I was going to write about Frieren, which is a wonderfully chill and cozy anime all about the bittersweet mixture of love, regret, grief, and joy found in coming to terms with the mortality of those who mean so much to us.
Instead, this week I’m going to tell you about ICE disappearing a Tufts student off the street in a neighborhood near me. If you haven’t seen the video, suffice to say it’s both chilling and infuriating. A group of masked figures approach a lone woman, lay hands on her, rob her of her backpack and phone, and herd her away to an unmarked car.
Her name is Rumeysa Ozturk. She’s a graduate student at Tufts, here on a student visa. She has been disappeared.
These masked figures briefly claim to be police. A few of them pull out hidden badges. At no point do any of them identify themselves—nearly all of them remain masked, they do not give their names or their badge numbers, they actively resist taking steps that might allow them to be held accountable for their actions. They show up, grab someone off the street, and then roll away.

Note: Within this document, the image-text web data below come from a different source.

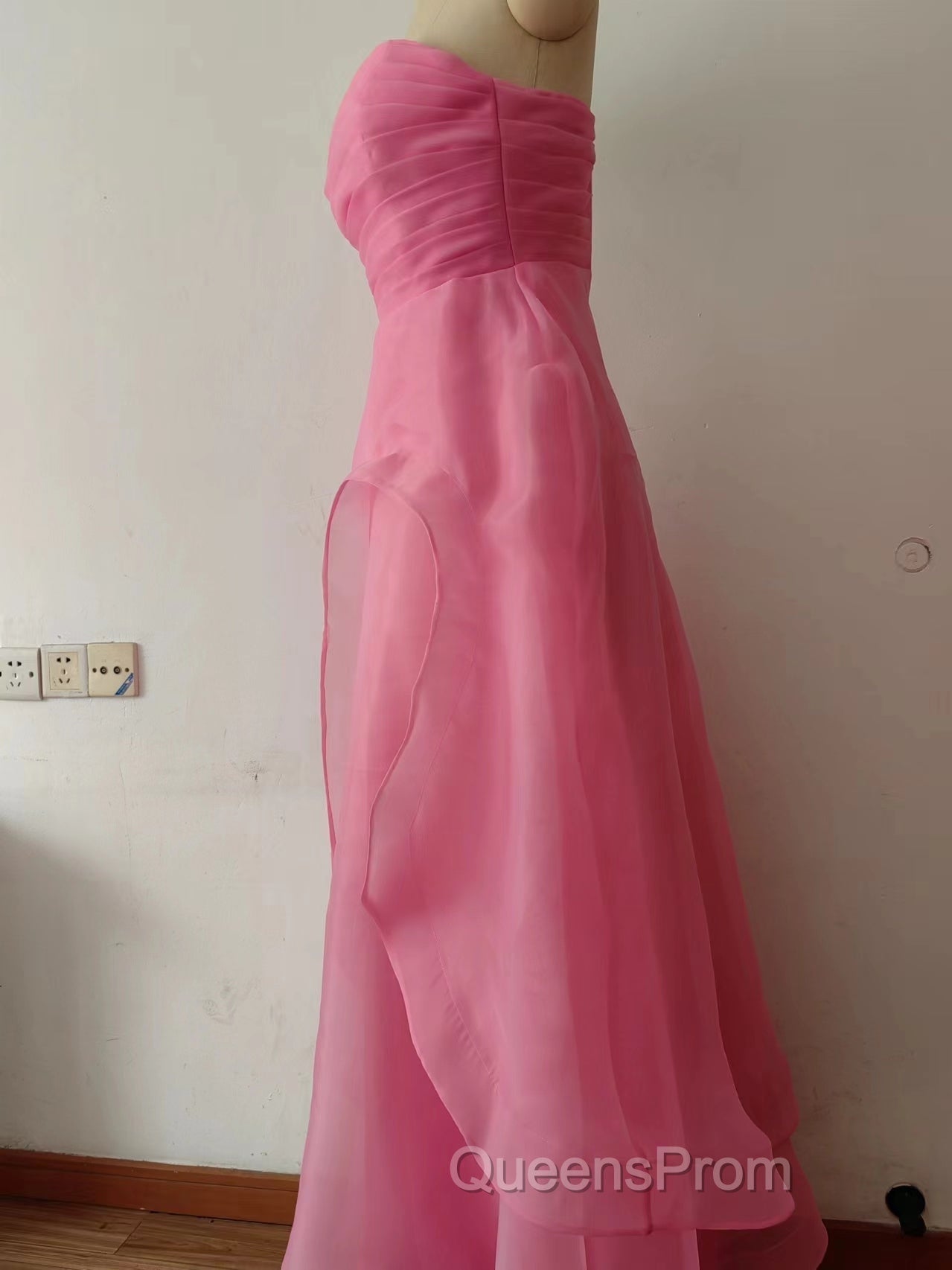 Pink Evening Prom Dress Tulle Evening Gown Strapless Ruffles A-line Simple Evening Prom Dress For Teens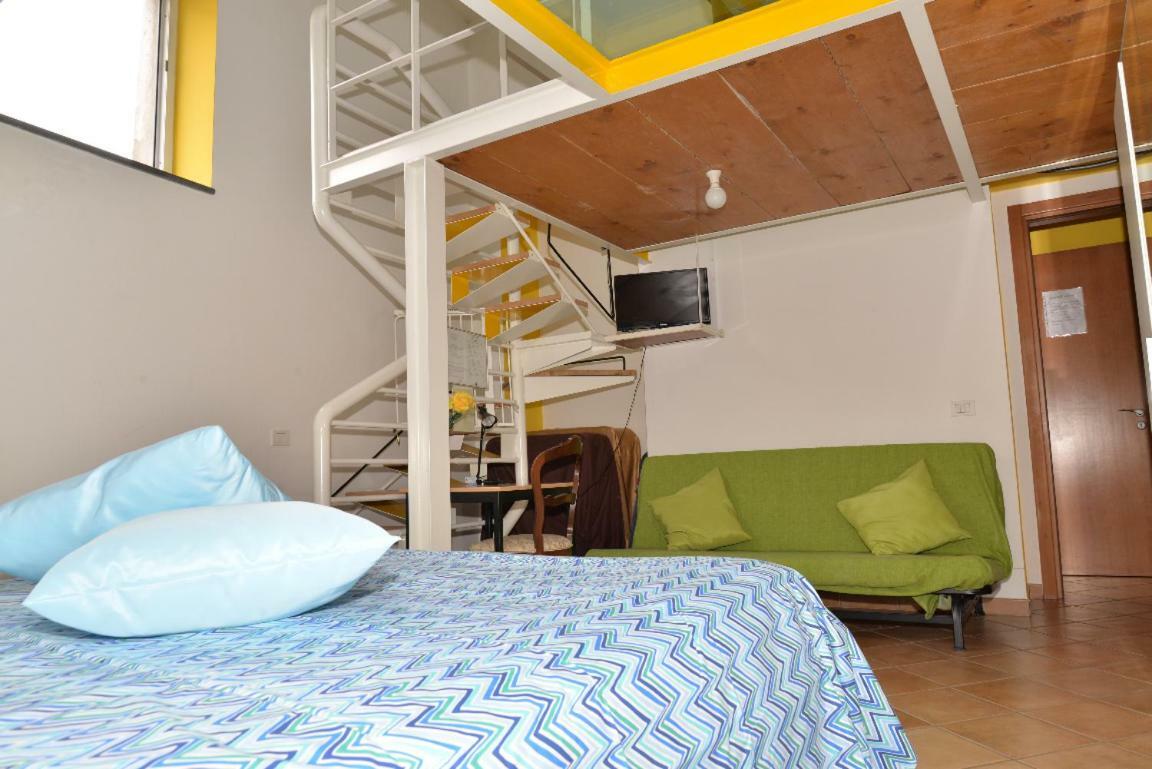 Casa Lungomare Bed & Breakfast ซาแลร์โน ภายนอก รูปภาพ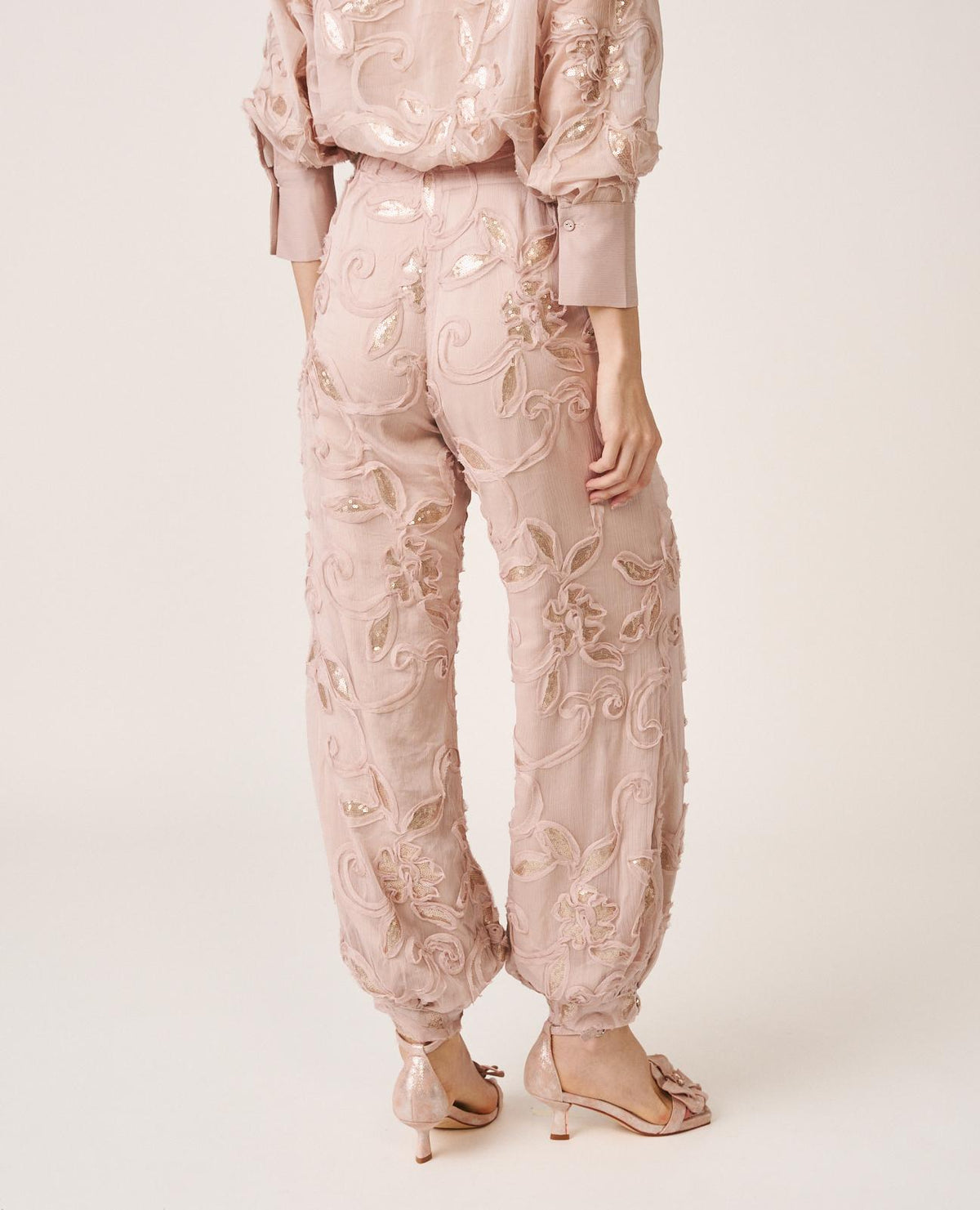 PANTALONI CON MOTIVI FLOREALI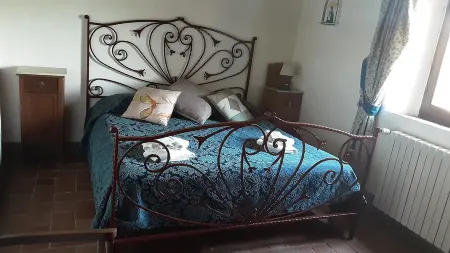 Celle di Lecchi is a characteristic Borgo on the hillside of Lecchi in Chianti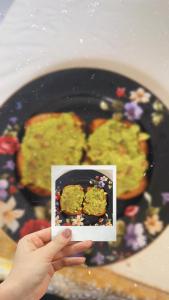 班加罗尔Room in a 3bhk的一个人举着一盘食物的图片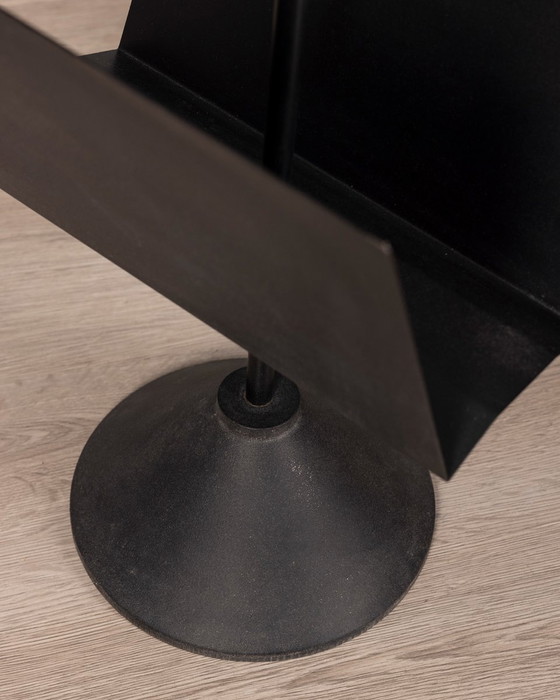 Image 1 of Vintage 80S Magazine Rack In Schwarz Metall Porada Arredi Design
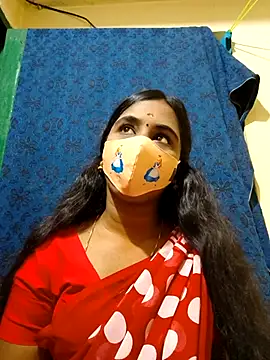 Snapshot of mini-queen chatting on November 2025 12:31:01 PM mini-queen online show from November 2025 12:31:01 PM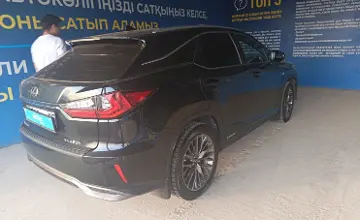 Lexus RX 2018 года за 21 000 000 тг. в Алматы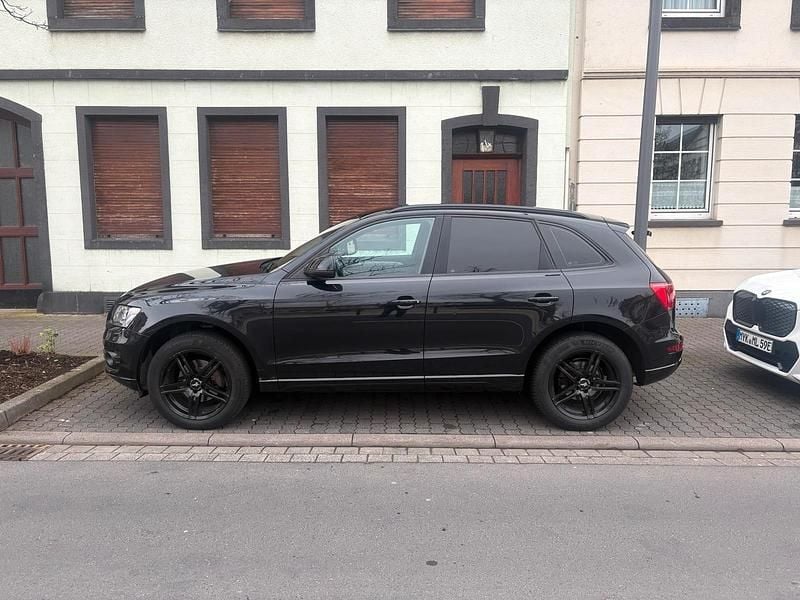 Gebraucht Audi Q5 170 PS (125 kW) 2010 Schwarz SUV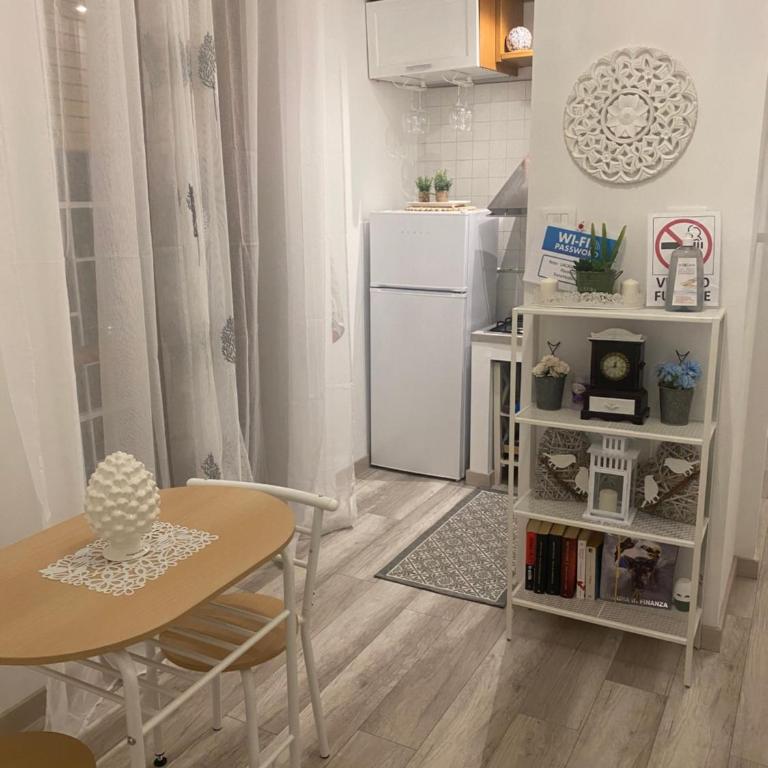 La casa di Simona - Appartamento con 2 Camere da Letto - 7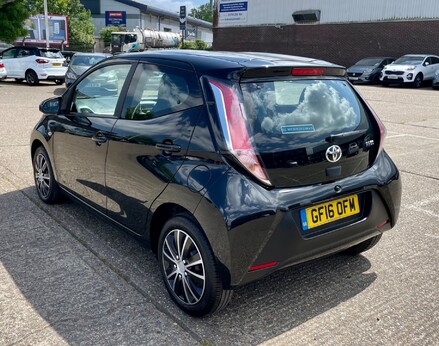 Toyota Aygo VVT-I X-PLAY 9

This is a fucking disgrace.
I am not surprised by this. These scare tactics seem like the natural outgrowth of the abductions performed in Portland, Oregon, during the summer of 2020 (fine, if you want me to mince words, call them “sudden detentions with unmarked vehicles and personnel”). They’re designed to intimidate, to instill fear, and to prevent anyone from holding the (ostensible) law enforcement agents involved responsible for any action they might take.
This is antithetical to our American democracy. I’ve been furious about so many other things going on in our country, but this one hits especially close to home (literally). Someone has been pulled from my community and dragged over 2000 miles to Louisiana in what looks like a clear attempt by the authorities involved to avoid the consequences of their actions: if they can just do the thing they know the judge won’t allow fast enough, before the judge can rule on it, then they can (probably) get away with it. If this is not criminal, it should be.
There is no way to have an open and free society when people are pulled off the streets by masked figures and disappeared into unmarked cars. There is no way to have an open and free society when those we charge with protecting us cannot be held accountable by us. There is no way to have an open and free society when you can abduct someone by wearing a mask, waving a shiny prop badge, and moving fast enough that no one can prove you aren’t a cop.
It doesn’t matter that Rumeysa Ozturk is not an American citizen. If you think our laws and our ideals are only for American citizens when on American soil, you have already lost the ideal of America. If you think that the government should only avoid impinging on free speech when you agree with that speech, you’ve already lost the dream of America. If you think someone writing that they “affirm the equal dignity and humanity of all people” while talking about Palestinians, and that they urge their university president to “embrace efforts by students to evaluate ‘diverse and sometimes contradictory ideas and opinions’” should cause them to lose their visa and be deported, then you are the narrowest, most selfish and short-sighted fool and you are embracing your own destruction.
All of my other thoughts and words here are fury and disgust and bile. I am angry. You should be angry too.
Act. Let your congress people know your thoughts. And show up.